Two teachers will have their hours reduced, two support staff positions were eliminated and four others reduced, and six administrators will take furlough days, the Santa Ynez Valley Union High School District board unanimously agreed Tuesday as they sought to address a $1.43 million budget deficit.
The decision will save the district $355,260 in personnel costs.
In addition, the board rescinded a previous decision to allocate $500,000 to renovate the deteriorating east parking lot on the high school campus.
Board members also unanimously approved a resolution changing the minimum reserve fund from 30 percent of expenditures to a flat $3 million, a move that could free up $1 million to $1.5 million.
The reductions came in response to pleas from teachers, support staff, students and parents to keep cuts as far away from classrooms and students as possible during a special March 4 board meeting.
At that time, the board was presented with a number of options for cutting costs, including the potential of laying off some teachers and support staff, reducing the hours of others and combining administrative positions.
Over the next eight days, district administration and staff as well as board members mulled over the options and came back Monday with the alternative proposals that did not include teacher layoffs but did eliminate support staff.
Combined with administrative furlough days, the savings totaled $355,260.

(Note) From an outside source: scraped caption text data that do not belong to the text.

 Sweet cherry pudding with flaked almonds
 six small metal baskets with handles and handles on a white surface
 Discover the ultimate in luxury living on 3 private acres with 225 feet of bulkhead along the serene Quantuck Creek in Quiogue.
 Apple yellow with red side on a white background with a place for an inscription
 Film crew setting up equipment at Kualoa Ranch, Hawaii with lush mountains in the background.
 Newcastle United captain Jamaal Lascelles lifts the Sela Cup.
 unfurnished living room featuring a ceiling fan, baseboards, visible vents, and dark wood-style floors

Some members of the public who addressed the board thanked them for keeping cuts as far away from the classrooms as possible, but they still argued for saving support staff positions.

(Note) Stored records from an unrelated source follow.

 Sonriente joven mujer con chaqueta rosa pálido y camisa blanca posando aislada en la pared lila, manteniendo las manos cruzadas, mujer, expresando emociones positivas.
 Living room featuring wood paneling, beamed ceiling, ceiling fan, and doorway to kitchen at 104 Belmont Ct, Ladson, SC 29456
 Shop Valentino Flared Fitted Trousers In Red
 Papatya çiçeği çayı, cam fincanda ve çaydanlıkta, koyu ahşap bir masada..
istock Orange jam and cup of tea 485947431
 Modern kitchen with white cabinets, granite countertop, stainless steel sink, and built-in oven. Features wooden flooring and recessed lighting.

Athletic Director Cris Avery asked the board to wait before laying off a number of support staff, including Cathy Rick, athletic secretary and staff services person, and Gordon Whyte in campus supervision, noting there is no deadline for notifying support staff as there is for certificated staff.
“It does buy you a little time to come up with creative solutions,” Avery said, adding it would be “devastating” if Rick was cut and calling Whyte a “relief valve” for student tensions.

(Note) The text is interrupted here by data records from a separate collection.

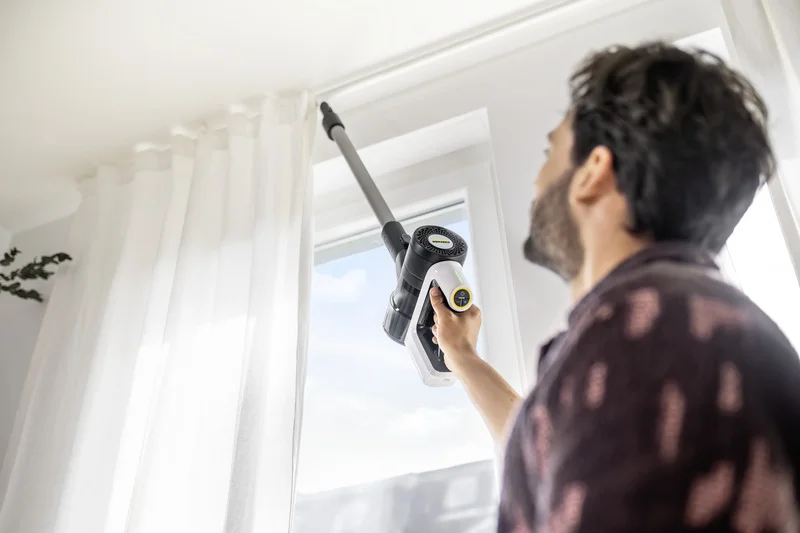 Person reinigt Fensterrahmen mit einem Kärcher Handstaubsauger in einem hellen Raum mit weißen Vorhängen.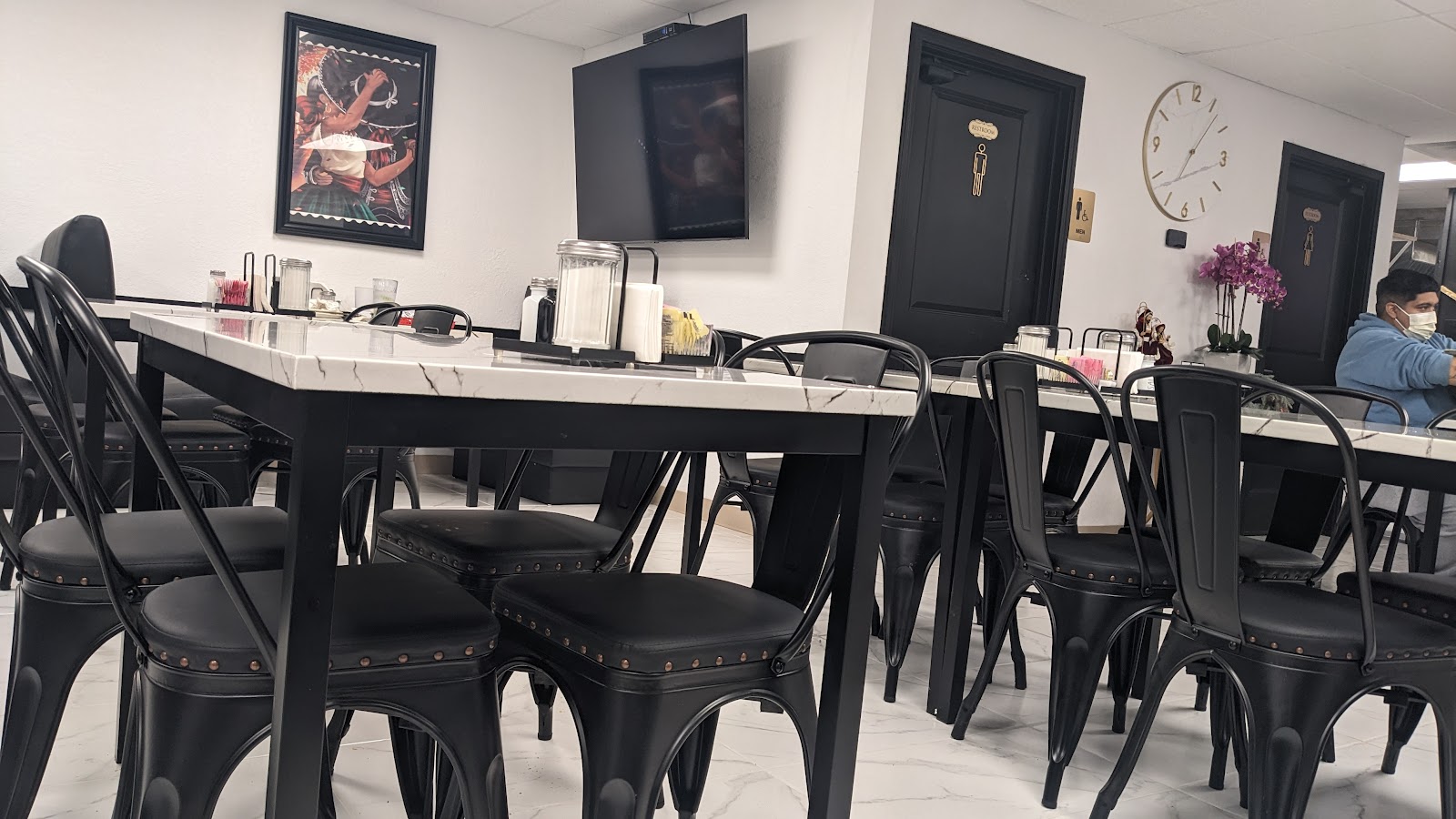 Dining room with restrooms and clock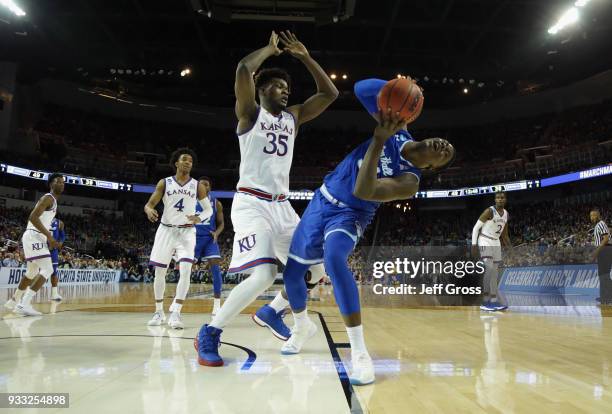 Angel Delgado of the Seton Hall Pirates reacts against Udoka Azubuike of the Kansas Jayhawks in the second half during the second round of the 2018...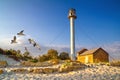 Landscape with sea lighthouse on the coast during sunrise near the ruins Royalty Free Stock Photo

Julie Kennedy said that in going through previous budgets, she found revenues were always greater than projected, and she also urged a delay.
“Certain cuts are unrecoverable,” she said, referring to a previous elimination of French and Latin foreign language classes. “You never get those back. My recommendation, honestly, is you let it ride one more year.”
Heather Blanchard encouraged the district to form a citizens budget oversight committee to look at expenses.
“Shouldn’t a district’s first priority be to not cut teachers and programs?” she said, specifically asking the board to not eliminate the introduction to education class, which she said has 19 students enrolled.
“If only one of those students goes on to become a teacher, then the program paid for itself,” Blanchard said.
Former Solvang City Councilwoman Joan Jamieson said she sympathized with the board’s position.
“I used to sit where you are and I know how tough the decisions are you have to make,” she said. “Do not do it on the backs of the kids and teachers.”
Board member Dr. John Baeke said he would support forming a budget oversight committee but went a step farther.
“I think we need to give thought to hiring a professional consultant who’s walked down this (path) with other districts,” he said.
Baeke added that the decision they were voting on was the best solution he could come up with and prayed it was the right one.
The 5-0 vote resulted in layoffs of the full-time staff services person and in-house supervisor and reducing the hours for the registrar and accountant from 12 months to 10 months and reducing the hours of the assistant to the superintendent and assistant to the principal from 12 months to 11 months.
The total savings was pegged at $155,696.
When it came to the proposal for administrators and teachers, no layoffs were recommended, although a special education teacher who resigned would not be replaced, two teachers would have their hours reduced and one English teacher who retired would be replaced with less-senior staff.
In addition, the superintendent, principal and assistant principal would take five furlough days each, and the business manager, head guidance counselor and a guidance counselor would take three furlough days each.
Joanne King asked the board how much those furlough days would really save the district.
“Why not renegotiate the salaries of the administrators?” she asked, drawing a murmur of assent from the audience.
Board members voted 5-0 to approve the staff recommendation for a total savings of $199,564.
Board members also voted 5-0 to rescind last November’s decision to allocate $500,000 to renovate the east parking lot, although the staff indicated that project could be reinstated when the district receives an anticipated $7.2 million to $8.5 million in Proposition 51 funds.
After the vote, Baeke said there are a lot of chuck holes opening in the parking lot that are a liability to the district, and he advised “jumping on them immediately” when the funds are received.
Superintendent Scott Cory said the district is already working on contingency plans for the parking lot.